This week the Bureau of Reclamation announced that most customers would receive all of their contracted water supplies from the Central Valley Project (“CVP”). However, because of a dry winter in California, approximately 10 percent of customers have yet to even receive a supply estimate and large areas of farmland south and east of the delta are projected to receive only 20 percent of their deliveries.

The problem this year is lack of expected snowmelt, rather than water scarcity, as most major reservoirs are at or above average capacity. While precipitation has been 60 percent of average, snowpack is at 20 percent of average.  Without snowmelt, there is a risk of high water temperatures in the Sacramento River, which would drastically affect endangered chinook salmon.

The Bureau of Reclamation has said it wants to wait until late spring to assess water temperatures and weather patterns before it finalizes allocations for farmers north of the delta. The Reclamation’s head of Central Valley operations said that all of the uncertainty regarding river temperatures is hindering the Reclamation’s ability to make final decisions. However, Agricultural representatives are criticizing this decision. The California Farm Water Coalition, which represents many of the affected water districts, argues that the idea of more water supply cuts bringing more fish is unrealistic and that it is a waste of water and taxpayer dollars, as well as furthers hardship on the San Joaquin Valley.  Reclamation in turn states they are fully complying with the 2016’s Water Infrastructure Improvements for the Nation Act, which instructs the agency to maximize deliveries from the CVP over endangered fish protections. The California Farm Water Coalition says that compliance last year produced about 200,000 extra acre-feet of water.

Agency officials are also using the uncertain CVP allocations to point to the need for more reservoirs to store excess waters from wet years.
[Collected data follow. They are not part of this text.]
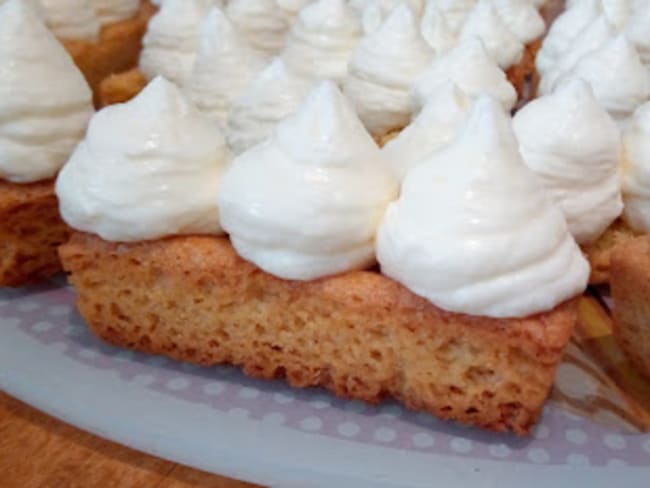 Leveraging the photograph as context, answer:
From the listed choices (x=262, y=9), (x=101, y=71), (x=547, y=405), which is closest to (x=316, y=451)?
(x=547, y=405)

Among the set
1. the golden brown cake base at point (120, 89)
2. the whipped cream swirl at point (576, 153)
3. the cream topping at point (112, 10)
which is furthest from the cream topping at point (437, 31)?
the cream topping at point (112, 10)

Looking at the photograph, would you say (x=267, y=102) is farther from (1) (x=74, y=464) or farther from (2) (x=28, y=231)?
(1) (x=74, y=464)

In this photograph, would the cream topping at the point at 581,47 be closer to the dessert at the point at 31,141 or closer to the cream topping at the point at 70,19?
the dessert at the point at 31,141

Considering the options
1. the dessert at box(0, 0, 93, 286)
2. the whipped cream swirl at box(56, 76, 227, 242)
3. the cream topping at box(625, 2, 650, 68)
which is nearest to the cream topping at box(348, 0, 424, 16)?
the cream topping at box(625, 2, 650, 68)

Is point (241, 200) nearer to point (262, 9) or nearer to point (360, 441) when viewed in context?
point (360, 441)

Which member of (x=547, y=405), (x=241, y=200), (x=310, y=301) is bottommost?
(x=547, y=405)

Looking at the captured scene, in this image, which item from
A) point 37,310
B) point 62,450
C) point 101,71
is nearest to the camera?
point 62,450

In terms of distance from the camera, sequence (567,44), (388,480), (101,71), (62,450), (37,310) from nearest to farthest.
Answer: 1. (388,480)
2. (62,450)
3. (37,310)
4. (567,44)
5. (101,71) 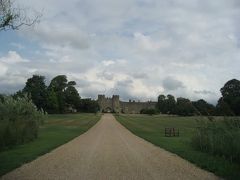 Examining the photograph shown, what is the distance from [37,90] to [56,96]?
326 inches

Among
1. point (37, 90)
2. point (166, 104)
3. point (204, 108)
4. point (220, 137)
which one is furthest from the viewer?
point (166, 104)

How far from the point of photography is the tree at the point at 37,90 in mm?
138875

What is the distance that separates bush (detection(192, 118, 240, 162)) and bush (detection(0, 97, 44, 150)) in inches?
479

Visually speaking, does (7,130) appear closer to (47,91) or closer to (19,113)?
(19,113)

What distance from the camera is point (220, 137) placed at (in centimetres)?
2002

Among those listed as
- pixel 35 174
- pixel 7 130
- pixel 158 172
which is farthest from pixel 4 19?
pixel 7 130

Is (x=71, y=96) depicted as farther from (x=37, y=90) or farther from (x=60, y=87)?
(x=37, y=90)

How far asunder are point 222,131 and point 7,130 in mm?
14727

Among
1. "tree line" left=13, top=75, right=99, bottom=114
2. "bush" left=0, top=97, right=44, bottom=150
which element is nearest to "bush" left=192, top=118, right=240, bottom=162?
"bush" left=0, top=97, right=44, bottom=150

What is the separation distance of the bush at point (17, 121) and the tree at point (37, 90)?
102888 mm

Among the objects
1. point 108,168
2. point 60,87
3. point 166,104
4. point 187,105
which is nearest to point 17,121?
point 187,105

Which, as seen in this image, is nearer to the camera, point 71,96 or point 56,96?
point 56,96

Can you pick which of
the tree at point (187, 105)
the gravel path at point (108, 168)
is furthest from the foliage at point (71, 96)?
the gravel path at point (108, 168)

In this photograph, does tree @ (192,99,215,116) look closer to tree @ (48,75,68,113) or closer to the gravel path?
the gravel path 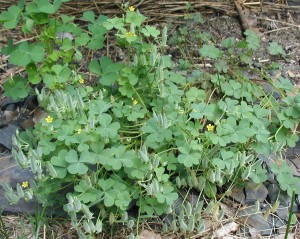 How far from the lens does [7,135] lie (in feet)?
10.2

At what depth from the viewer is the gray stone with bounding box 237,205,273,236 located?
2.76 meters

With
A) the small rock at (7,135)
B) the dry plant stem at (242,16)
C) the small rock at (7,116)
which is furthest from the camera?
the dry plant stem at (242,16)

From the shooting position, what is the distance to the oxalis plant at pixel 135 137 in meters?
2.51

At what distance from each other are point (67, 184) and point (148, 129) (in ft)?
1.41

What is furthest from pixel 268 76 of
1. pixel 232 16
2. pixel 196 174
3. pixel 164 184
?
pixel 164 184

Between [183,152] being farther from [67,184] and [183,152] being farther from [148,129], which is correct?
[67,184]

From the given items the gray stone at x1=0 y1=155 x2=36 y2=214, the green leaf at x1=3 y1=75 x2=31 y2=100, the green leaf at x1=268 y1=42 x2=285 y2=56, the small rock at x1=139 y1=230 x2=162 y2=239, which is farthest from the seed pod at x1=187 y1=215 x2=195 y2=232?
the green leaf at x1=268 y1=42 x2=285 y2=56

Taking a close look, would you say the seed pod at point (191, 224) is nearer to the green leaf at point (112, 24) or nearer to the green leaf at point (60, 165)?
the green leaf at point (60, 165)

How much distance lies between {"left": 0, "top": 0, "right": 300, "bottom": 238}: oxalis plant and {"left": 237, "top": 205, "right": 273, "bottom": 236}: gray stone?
0.15 metres

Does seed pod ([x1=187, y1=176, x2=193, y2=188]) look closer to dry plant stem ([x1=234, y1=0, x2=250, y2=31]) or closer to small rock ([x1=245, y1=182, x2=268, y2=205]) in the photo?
small rock ([x1=245, y1=182, x2=268, y2=205])

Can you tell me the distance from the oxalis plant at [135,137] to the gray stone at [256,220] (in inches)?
5.7

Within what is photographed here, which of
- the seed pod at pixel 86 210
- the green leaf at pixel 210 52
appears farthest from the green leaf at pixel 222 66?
the seed pod at pixel 86 210

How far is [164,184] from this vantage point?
2.59m

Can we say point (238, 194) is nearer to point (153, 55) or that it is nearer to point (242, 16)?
point (153, 55)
Additionally, republican legislators have started putting pressure on Governor Brown’s administration to begin doling out $7.5 billion in bond funding for water storage projects, which was authorized by Proposition 1 in 2014. The legislators favor two projects – Sites Reservoir (off of the Sacramento River) and Temperance Flat (on the San Joaquin). On Thursday, Assembly Republic Leader Brian Dahle delivered 4,000 petitions to the California Water Commission demanding immediate funding of these two projects.